E a te con quale etichetta ti piacerebbe realizzarlo questo album?
«La Org certamente, loro stanno a Los Angeles, quindi hanno una buona copertura nell’area californiana, anche a livello radiofonico. Per l’Italia e l’Europa l’unica etichetta che mi viene in mente è la Goodfellas di Roma, che già aveva distribuito il mio disco come Eddie Redmount, l’unica, che in questo marasma, tratta progetti indipendenti interessanti».
C’è già una bozza di titolo e quando dovrebbe essere pronto?
«Io spero che sia pronto per fine anno così da poter cominciare a girare dal vivo. Al titolo non ci ho veramente pensato. Mi piace l’espressione “Take it away!”, che gli americani usano in maniera esortativa, come il nostro, “dai su, andiamo” e riferito alla musica equivale al nostro “dai su, suoniamo o cantiamo”. Un disco che ovviamente sarà dedicato alla memoria di Angelina, mia madre, che se lo merita tutto. Io arrivai a casa il venerdì, e lei se ne è andata la domenica. Mi ha aspettato».
Ma tu avevi già l’idea di realizzare l’album qui a Trecastagni?
«Sì, mi piaceva l’idea di farlo in questa casa, dove musica se ne è fatta parecchia a cominciare da mia zia Lia che è stata cantante lirica a Santa Cecilia, una delle mie sorelle è una pianista classica. Io ho cominciato a suonare in questa casa, sciroppandomi all’infinito, a 14 anni, la cassetta di “Go Wild” degli Boppin’ Kids (noto trio rockabilly catanese che ebbe successo negli anni 80)».
Resterai a Memphis fino a quando?
«Non lo so, Memphis mi piace tanto, come attitudine…».
… ma ho come l’impressione che c’è un magnete che ti attira verso New York…
«E’ vero, è l’augurio migliore che mi possa fare e se me lo dici pure tu vuol dire che emerge, che salta fuori!».
Eddie Redmount a Brucculinu ci deve andare…
«… lo so, ma non è facile.
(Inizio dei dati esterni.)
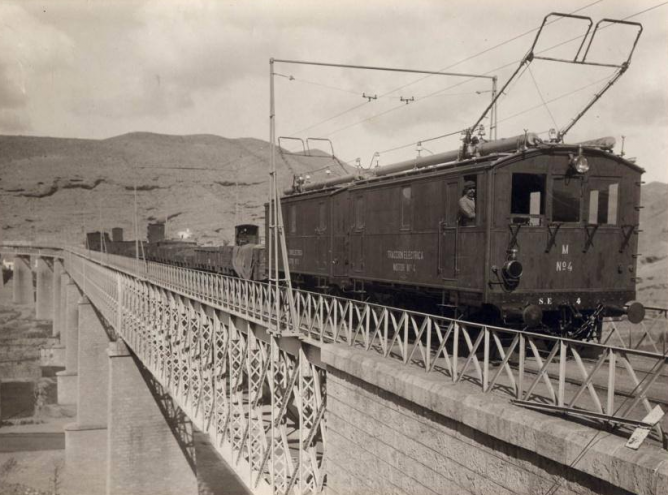 Linares á Almeria, Santa Fe de Mondujar, viaducto sobre el Andarax, foto Victoriano Lucas Martínez, AHF-F-179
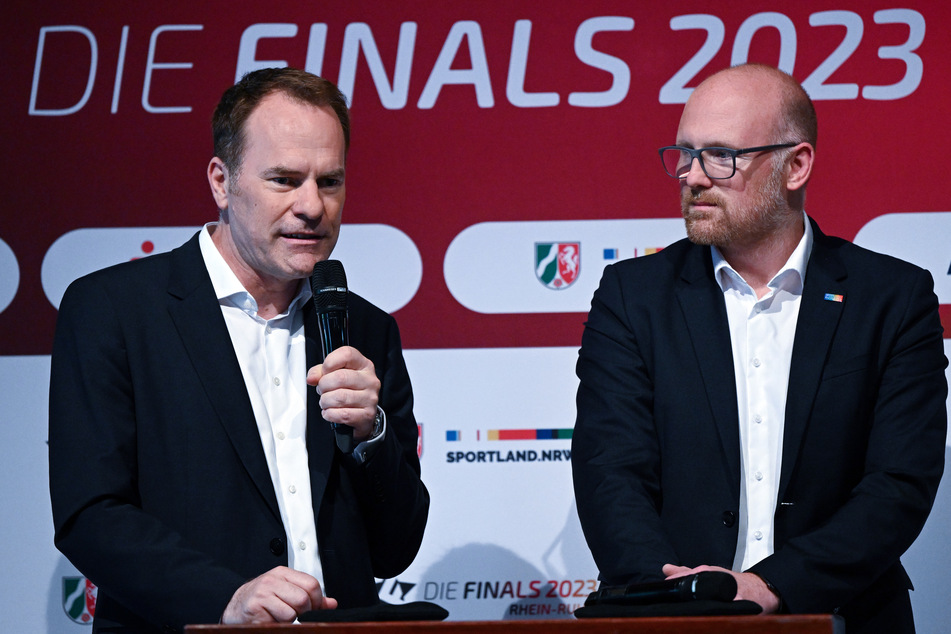 Düsseldorfs Oberbürgermeister Stephan Keller (52, CDU, l.) und Duisburgs OB Sören Link (47, SPD) sprechen auf der PK zum Multisportevent "Die Finals".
Ripeto io adoro Memphis, è una Trecastagni grande mezza Sicilia, sia qui che lì ci sono tranquillità e grandi energie, qui per l’Etna, lì forse per il fiume Mississippi. A Memphis si sa è partito tutto con la Sun Records e la Stax Records. Arrivarci ora però da persona adulta ti impone di misurarti con una mentalità americana, fatta anche di maniacalità loro, che io non voglio sposare in pieno. Io certe mie abitudini italiane non le voglio perdere, quindi ceno alle 20 davanti al telegiornale italiano».
Alberto Sordi faceva l’americano a Roma, e tu fai l’italiano a Memphis…
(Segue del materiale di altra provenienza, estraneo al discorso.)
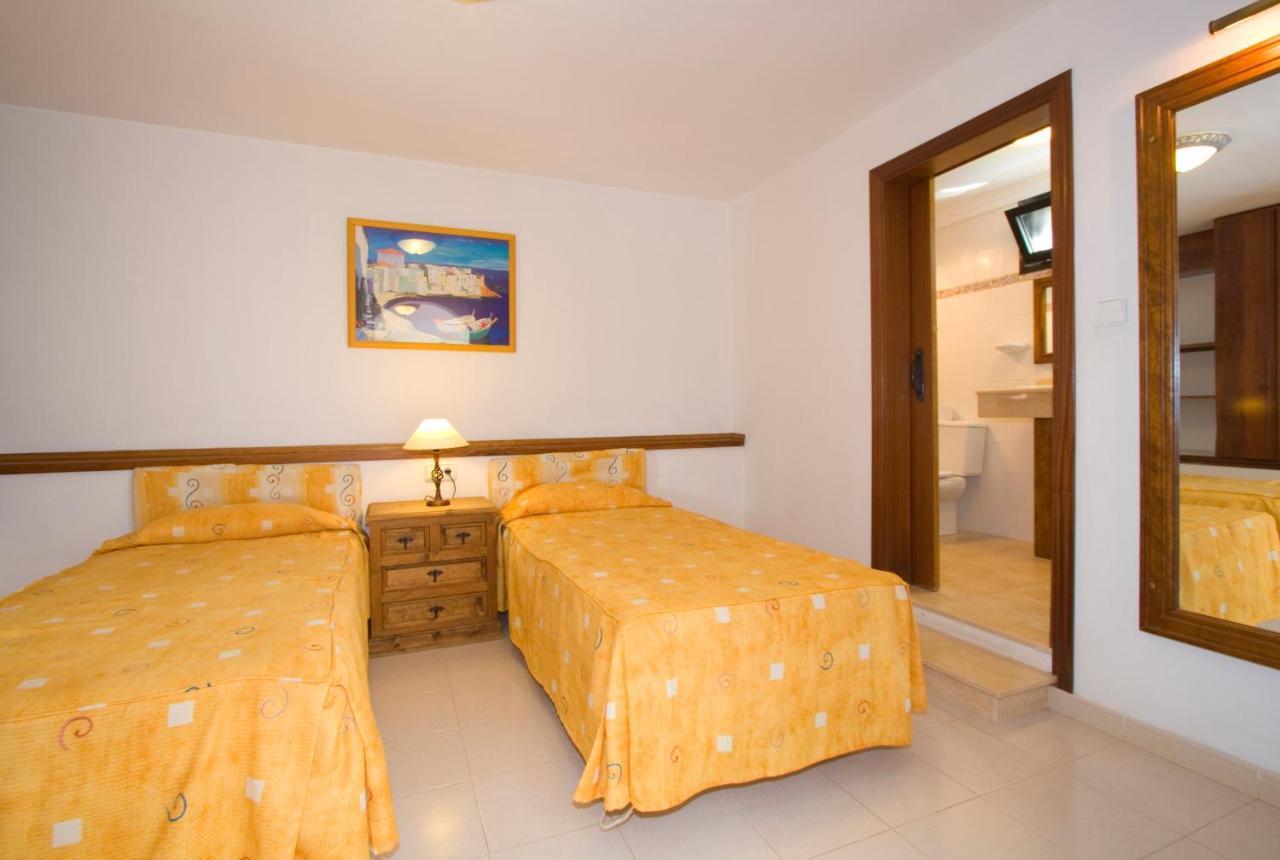 4 Bedroom Saturn With Private Heated Pool * Puerto del Carmen (Lanzarote)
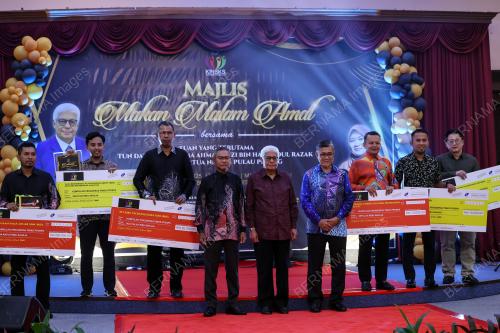 TUN AHMAD FUZI ABDUL RAZAK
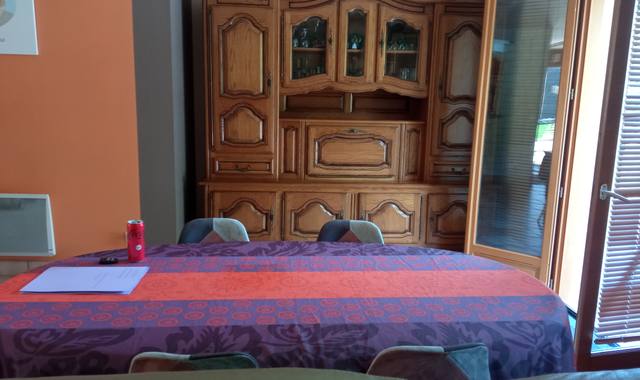 Meubles meuble + table + 4 chaises en chene massif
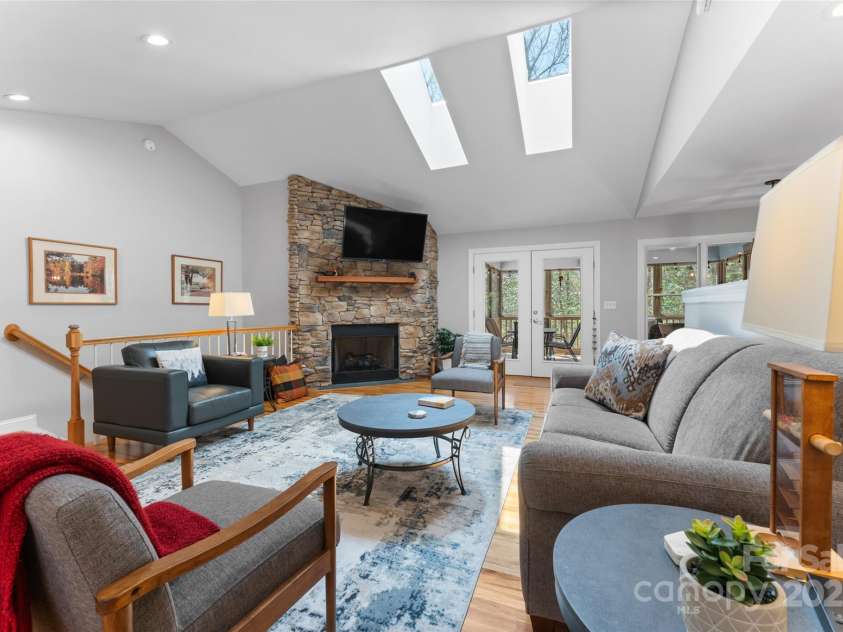 226 Ogana Court, Brevard, NC 28712.  MLS# CAR4244651, YatesRealty ID 19461. 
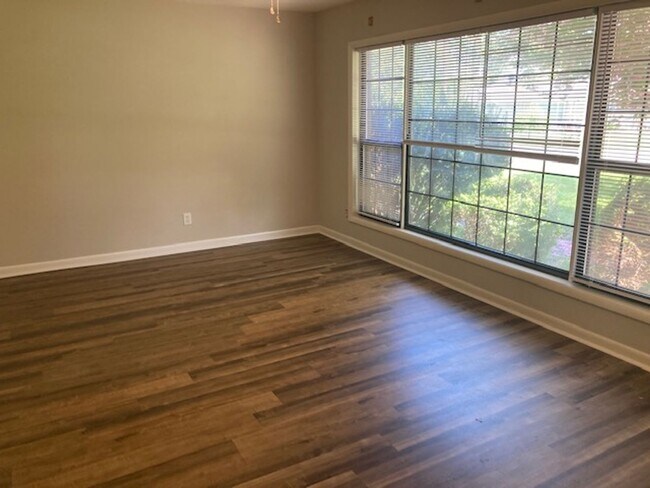 Foto del edificio - COMING SOON  3BR/21.5BA-1500 SF - Fenced yard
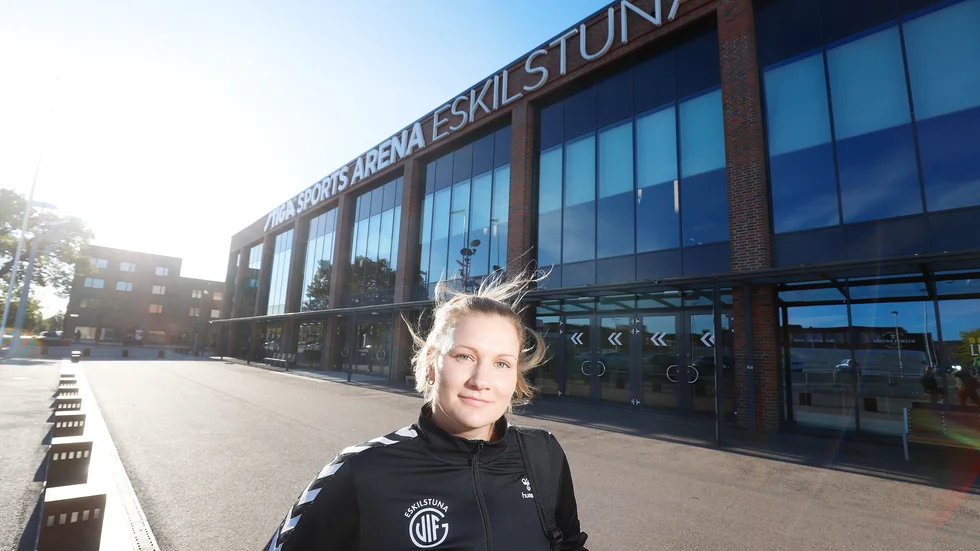 Jessica Rydberg är redo för en ny säsong med Guif och hon ser fram mot att publiken nu också får komma in på matcherna i Stiga Sports Arena.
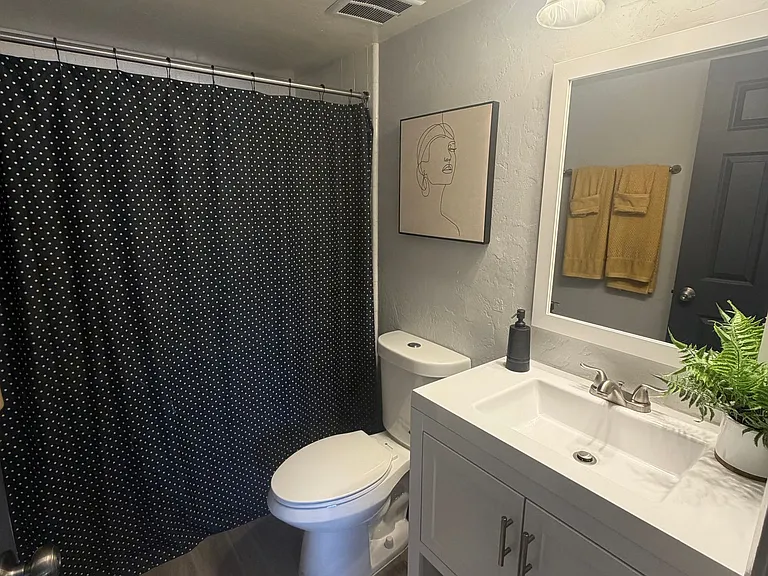 Waters Edge Apartments — Photo 40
«Sì, e mi sta bene questa cosa. Al me il running al parco mi piace ma mi manca la parte urbana della metropoli, il casino di New York, o anche di Londra, che mi fa diventare matto. Il problema che a New York ci vogliono tanti soldi per viverci, a Manhattan una stanza arriva a costare 3 mila dollari al mese. Io grazie al fatto di suonare con nomi come Tav Falco o Dale Watson, adesso ho un minimo di riconoscibilità anche a New York o in California ma è chiaro che a Memphis riesco suonare 4/5 volte la settimana pagato anche bene, tra i 100 e i 200 dollari, più le mance, riuscendo a guadagnare anche 3/400 dollari a concerto. La casa mi costa 600 dollari al mese, quindi alla fine stai bene. Già a Nashville la situazione è diversa, i musicisti sono pagati con le mance che pure in America sono generose, non meno di 20/30 dollari per un brano. Io sarò sempre grato a Memphis dove le opportunità per musicisti rock’n’roll come me non mancano perché è una città che ha vissuto di personaggi enormi come Elvis Presley, Jerry Lee Lewis, Otis Redding o Johnny Cash, anche se ora la città cerca una sua nuova identità».